Can't choose, like them both. Dexter returns in June, I believe.


----------



## WineKitty (Nov 26, 2004)

Season six was the worst Dexter season ever but they picked up again with the last one. Next season is the finale one. Makes me sad.


----------



## MobiusX (Nov 14, 2008)

WineKitty said:


> Season six was the worst Dexter season ever but they picked up again with the last one. Next season is the finale one. Makes me sad.


the ending for the last season was pretty stupid, so what now? Debra is a killer now? It was already hard to believe Dexter was going to kill Laguerta. I thought about the final scene so many times. The only way I can see Debra killing Laguerta is if when Dexter has his back turned and facing Debra, Laguerta reaches a gun nearby and is pointing the gun at Dexter from behind and Debra sees this and kills her. THAT'S THE ONLY WAY she should of DIED> It would of been PERFECT.


----------



## Limmy (Feb 15, 2013)

I love them both D: i picked dexter over breaking bad though! (but neither of them is as good as the walking dead  )


----------



## MobiusX (Nov 14, 2008)

Limmy said:


> I love them both D: i picked dexter over breaking bad though! (but neither of them is as good as the walking dead  )


that show started off good in Season 1 and died by the end of the Season, Season 2 was a good season to put people to sleep, saw most of Season 3 and its the best one so far, the only one I would consider good.


----------



## always starting over (Mar 15, 2013)

This is a no-brainer. I love Dexter, and season 7 was a step up, but it truly does get ridiculous sometimes and season 6 was painful to watch (season 5 wasn't special, either). Someone on a review site labeled Dexter as a "soap opera" about a serial killer, which fits the show more than it should.

Breaking Bad knows how to constantly ramp up tension in a season and between seasons. The plots are tightly woven, and I'd say the things WW gets away with are far more believable than what Dexter gets away with.


----------



## Gavroche (Jan 12, 2013)

Having been a viewer of both shows, I say without a doubt that Breaking Bad is the better show. As interesting a character Dexter is, the core of who he is never really changes all that much, he is a serial killer and always will be, it brings up some interesting scenarios, but as time has gone on the character has gotten a bit drab. Case in point, I watched seasons 1 and 2 then skipped to season 6 and saw very little different with the character. Compare this to Breaking Bad where if you watched just the first season or second season and skipped to season 5, Water White is completely different than at the beginning of the show. As far as character development goes, BB wins hands down.

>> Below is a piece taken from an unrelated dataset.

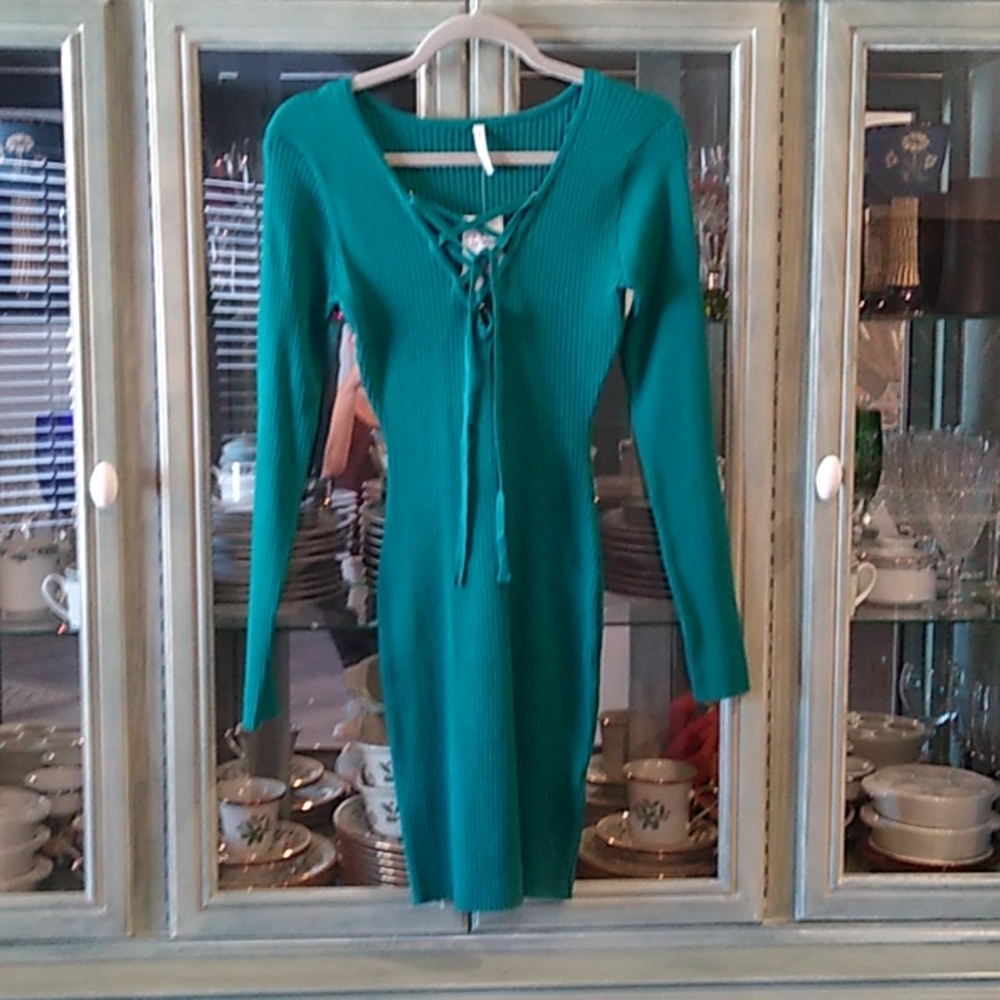 NWT Green Body Con Sweater Dress by Say What, size L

In terms of plot, I also give the edge to BB, the show has this tone of leading up to something, Dexter does not, Dexter feels like this on going saga that is only going to end once viewership declines enough for showtime to want to end it. BB in spite of it's huge popularity is ending for the sake of the story I presume, much like LOST did. 

Breaking Bad for all of its intensity is also good for some laughs, something lacking in Dexter. 

And last but not least, BB has produced one of the best TV villains ever, Gustavo Fring, not much more needs to be said.


----------



## panopticon (Nov 14, 2010)

Gavroche said:


> And last but not least, BB has produced one of the best TV villains ever, Gustavo Fring Walter White, not much more needs to be said.


----------



## WineKitty (Nov 26, 2004)

MobiusX said:


> the ending for the last season was pretty stupid, so what now? Debra is a killer now? It was already hard to believe Dexter was going to kill Laguerta. I thought about the final scene so many times. The only way I can see Debra killing Laguerta is if when Dexter has his back turned and facing Debra, Laguerta reaches a gun nearby and is pointing the gun at Dexter from behind and Debra sees this and kills her. THAT'S THE ONLY WAY she should of DIED> It would of been PERFECT.


Well, you do make a good point. I was getting ready to watch the last season over to prepare myself for the next one.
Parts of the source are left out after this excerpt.